## Required action
Copy out, from the data, each line containing the string "Chevrolet".

Segment Open

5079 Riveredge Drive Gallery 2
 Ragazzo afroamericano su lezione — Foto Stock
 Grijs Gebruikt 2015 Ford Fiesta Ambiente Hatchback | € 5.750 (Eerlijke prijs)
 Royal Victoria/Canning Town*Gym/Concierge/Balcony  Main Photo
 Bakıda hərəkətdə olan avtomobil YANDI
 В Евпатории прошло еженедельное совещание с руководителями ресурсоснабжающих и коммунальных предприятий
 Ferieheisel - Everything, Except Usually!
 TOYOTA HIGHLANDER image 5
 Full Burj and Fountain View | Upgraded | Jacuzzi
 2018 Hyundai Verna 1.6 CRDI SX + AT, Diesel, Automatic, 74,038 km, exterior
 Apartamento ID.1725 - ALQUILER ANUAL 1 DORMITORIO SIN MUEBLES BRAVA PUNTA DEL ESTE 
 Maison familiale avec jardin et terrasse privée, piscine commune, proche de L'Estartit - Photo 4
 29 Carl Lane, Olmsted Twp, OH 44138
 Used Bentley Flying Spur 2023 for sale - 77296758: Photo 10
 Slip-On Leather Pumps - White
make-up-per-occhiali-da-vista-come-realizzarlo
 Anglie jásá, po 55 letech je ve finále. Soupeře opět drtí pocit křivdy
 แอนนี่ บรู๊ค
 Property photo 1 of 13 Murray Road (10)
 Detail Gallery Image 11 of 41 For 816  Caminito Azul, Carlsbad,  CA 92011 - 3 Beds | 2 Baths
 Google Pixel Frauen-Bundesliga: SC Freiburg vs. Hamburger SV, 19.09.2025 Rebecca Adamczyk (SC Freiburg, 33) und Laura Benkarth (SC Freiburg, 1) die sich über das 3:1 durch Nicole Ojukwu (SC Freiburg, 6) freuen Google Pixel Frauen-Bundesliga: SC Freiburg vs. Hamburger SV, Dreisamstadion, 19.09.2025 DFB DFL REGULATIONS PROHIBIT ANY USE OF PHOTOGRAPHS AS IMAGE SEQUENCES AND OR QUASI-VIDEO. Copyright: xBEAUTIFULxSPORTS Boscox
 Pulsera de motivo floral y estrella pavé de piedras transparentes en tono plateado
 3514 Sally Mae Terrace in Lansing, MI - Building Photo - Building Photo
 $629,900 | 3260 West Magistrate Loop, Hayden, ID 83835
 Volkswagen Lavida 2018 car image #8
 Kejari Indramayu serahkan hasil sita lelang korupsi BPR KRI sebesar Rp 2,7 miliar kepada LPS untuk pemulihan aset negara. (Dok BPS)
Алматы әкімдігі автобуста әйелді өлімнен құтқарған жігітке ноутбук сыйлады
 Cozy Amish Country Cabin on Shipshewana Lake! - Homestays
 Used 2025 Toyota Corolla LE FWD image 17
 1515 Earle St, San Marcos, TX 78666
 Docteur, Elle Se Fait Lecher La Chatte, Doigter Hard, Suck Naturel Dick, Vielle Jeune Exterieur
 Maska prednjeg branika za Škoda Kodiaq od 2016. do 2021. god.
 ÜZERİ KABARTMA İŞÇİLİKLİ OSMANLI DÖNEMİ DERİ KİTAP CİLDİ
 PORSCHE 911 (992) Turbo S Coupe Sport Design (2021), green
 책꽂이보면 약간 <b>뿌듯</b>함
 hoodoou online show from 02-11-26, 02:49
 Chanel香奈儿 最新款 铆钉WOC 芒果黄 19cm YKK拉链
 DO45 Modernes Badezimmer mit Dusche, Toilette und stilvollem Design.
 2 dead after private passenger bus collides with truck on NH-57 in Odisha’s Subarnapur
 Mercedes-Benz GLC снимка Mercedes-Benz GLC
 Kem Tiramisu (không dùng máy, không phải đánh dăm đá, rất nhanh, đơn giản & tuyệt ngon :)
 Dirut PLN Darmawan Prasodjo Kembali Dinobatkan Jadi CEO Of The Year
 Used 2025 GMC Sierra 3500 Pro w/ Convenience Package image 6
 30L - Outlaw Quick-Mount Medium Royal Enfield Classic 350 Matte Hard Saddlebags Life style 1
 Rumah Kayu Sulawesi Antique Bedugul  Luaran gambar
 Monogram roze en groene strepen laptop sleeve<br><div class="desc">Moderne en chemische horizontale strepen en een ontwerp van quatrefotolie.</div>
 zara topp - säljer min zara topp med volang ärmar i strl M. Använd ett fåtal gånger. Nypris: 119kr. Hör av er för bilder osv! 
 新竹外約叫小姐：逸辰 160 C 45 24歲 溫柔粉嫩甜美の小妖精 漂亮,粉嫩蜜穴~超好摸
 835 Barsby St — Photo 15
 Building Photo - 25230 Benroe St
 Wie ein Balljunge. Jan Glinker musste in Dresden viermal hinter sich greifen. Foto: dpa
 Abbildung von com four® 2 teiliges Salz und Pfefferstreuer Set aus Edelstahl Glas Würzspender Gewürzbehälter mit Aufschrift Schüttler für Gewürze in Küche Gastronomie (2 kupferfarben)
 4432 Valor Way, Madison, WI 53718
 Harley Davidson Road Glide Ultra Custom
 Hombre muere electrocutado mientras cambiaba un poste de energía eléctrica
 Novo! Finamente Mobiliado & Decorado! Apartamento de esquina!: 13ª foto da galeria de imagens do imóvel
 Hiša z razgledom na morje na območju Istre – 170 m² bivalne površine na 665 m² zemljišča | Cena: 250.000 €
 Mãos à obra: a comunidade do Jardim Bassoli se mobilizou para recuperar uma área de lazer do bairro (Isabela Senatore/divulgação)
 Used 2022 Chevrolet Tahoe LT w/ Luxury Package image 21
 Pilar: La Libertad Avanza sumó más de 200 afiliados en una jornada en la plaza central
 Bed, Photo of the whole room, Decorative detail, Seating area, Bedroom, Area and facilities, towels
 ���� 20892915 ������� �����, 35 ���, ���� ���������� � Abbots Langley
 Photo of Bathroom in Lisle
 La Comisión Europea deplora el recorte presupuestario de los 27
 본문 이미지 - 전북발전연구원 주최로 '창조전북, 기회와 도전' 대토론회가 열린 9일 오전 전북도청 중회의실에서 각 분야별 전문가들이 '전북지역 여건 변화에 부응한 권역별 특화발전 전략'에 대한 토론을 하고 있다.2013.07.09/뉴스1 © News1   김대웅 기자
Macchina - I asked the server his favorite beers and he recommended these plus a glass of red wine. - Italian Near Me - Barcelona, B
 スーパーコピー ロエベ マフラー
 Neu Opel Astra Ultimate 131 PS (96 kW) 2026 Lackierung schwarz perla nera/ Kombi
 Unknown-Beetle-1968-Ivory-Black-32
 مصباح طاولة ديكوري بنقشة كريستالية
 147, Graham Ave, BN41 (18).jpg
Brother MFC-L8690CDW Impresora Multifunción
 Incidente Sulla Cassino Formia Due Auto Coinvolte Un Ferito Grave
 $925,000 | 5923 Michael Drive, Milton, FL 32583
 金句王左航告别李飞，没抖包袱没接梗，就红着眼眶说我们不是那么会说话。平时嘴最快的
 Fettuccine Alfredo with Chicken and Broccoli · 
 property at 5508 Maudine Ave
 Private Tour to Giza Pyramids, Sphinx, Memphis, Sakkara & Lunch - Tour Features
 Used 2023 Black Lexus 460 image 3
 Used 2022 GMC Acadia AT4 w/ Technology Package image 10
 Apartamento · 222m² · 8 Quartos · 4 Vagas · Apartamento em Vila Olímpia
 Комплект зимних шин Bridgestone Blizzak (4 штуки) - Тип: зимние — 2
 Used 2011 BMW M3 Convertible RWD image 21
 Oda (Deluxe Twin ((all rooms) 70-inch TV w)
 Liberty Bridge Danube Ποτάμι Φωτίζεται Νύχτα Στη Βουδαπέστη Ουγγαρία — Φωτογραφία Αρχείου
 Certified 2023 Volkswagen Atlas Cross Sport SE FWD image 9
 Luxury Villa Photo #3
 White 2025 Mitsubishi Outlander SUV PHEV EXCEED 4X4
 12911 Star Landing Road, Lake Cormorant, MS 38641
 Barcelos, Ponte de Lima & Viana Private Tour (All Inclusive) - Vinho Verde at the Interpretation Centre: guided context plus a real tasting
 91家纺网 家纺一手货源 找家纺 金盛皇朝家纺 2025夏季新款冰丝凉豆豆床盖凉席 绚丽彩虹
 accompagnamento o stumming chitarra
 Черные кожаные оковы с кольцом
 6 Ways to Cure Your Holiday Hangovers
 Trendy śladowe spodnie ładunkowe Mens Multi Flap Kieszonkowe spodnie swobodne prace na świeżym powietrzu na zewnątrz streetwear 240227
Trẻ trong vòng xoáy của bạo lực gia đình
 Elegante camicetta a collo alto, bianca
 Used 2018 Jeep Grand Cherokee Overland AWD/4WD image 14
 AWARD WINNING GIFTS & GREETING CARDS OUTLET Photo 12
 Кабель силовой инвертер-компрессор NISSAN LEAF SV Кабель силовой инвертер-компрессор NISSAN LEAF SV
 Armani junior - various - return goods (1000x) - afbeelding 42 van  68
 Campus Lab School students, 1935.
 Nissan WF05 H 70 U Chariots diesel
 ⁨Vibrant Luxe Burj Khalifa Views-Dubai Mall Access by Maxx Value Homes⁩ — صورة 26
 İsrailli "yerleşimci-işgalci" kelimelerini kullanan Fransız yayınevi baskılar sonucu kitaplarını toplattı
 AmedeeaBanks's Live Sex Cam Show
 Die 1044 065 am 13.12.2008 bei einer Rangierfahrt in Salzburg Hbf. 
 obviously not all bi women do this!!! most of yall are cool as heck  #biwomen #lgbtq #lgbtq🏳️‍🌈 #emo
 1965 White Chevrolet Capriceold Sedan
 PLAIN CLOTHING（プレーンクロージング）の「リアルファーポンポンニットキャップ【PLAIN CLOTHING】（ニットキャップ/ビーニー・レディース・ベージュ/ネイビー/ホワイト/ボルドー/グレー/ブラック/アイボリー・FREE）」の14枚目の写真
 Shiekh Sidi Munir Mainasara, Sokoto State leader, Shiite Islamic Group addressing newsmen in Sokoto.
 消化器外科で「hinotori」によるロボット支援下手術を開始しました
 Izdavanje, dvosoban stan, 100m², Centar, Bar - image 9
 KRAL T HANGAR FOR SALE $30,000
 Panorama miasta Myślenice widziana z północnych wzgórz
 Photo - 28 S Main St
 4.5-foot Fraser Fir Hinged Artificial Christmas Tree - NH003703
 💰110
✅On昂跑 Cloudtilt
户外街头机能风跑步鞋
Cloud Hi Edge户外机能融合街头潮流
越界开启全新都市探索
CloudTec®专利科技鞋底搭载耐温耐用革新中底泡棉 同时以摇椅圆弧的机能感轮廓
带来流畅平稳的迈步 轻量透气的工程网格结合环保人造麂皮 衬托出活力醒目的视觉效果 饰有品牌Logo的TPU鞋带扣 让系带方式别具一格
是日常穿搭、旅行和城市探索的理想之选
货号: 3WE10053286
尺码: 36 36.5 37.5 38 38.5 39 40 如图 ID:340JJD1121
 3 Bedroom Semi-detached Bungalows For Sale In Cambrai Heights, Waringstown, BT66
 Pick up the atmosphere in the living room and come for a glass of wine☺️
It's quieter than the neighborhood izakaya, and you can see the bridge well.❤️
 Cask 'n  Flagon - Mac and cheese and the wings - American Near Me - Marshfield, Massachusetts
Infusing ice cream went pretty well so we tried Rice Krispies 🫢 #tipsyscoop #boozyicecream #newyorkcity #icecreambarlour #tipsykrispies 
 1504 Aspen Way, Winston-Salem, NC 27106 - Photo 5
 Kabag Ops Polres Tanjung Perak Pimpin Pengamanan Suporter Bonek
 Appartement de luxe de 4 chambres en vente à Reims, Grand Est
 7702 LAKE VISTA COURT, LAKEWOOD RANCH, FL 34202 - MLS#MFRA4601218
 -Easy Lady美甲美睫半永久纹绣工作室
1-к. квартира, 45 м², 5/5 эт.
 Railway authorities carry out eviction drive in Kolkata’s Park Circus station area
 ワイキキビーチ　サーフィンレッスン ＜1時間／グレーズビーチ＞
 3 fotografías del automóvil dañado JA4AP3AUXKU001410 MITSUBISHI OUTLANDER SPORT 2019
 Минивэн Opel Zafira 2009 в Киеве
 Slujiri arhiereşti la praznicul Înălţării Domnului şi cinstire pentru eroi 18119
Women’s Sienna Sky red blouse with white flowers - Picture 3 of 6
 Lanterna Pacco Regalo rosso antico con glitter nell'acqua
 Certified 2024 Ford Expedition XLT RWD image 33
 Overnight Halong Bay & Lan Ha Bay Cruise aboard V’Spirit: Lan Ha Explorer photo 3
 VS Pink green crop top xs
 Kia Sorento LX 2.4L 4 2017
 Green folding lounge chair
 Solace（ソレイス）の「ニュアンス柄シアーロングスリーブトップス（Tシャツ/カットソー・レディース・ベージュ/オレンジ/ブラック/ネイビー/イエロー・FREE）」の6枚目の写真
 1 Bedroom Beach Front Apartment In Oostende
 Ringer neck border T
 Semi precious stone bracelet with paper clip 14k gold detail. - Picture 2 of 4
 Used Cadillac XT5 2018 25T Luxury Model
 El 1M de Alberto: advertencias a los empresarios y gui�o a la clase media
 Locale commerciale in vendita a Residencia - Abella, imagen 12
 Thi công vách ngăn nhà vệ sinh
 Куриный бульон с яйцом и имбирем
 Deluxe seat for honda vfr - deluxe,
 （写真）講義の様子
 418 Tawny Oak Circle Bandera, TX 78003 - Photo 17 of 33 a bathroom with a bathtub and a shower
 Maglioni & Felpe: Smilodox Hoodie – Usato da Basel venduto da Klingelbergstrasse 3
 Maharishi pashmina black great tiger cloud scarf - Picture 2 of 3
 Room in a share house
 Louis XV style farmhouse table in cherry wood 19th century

Segment Closed

## Task solution
 Used 2022 Chevrolet Tahoe LT w/ Luxury Package image 21
 1965 White Chevrolet Capriceold Sedan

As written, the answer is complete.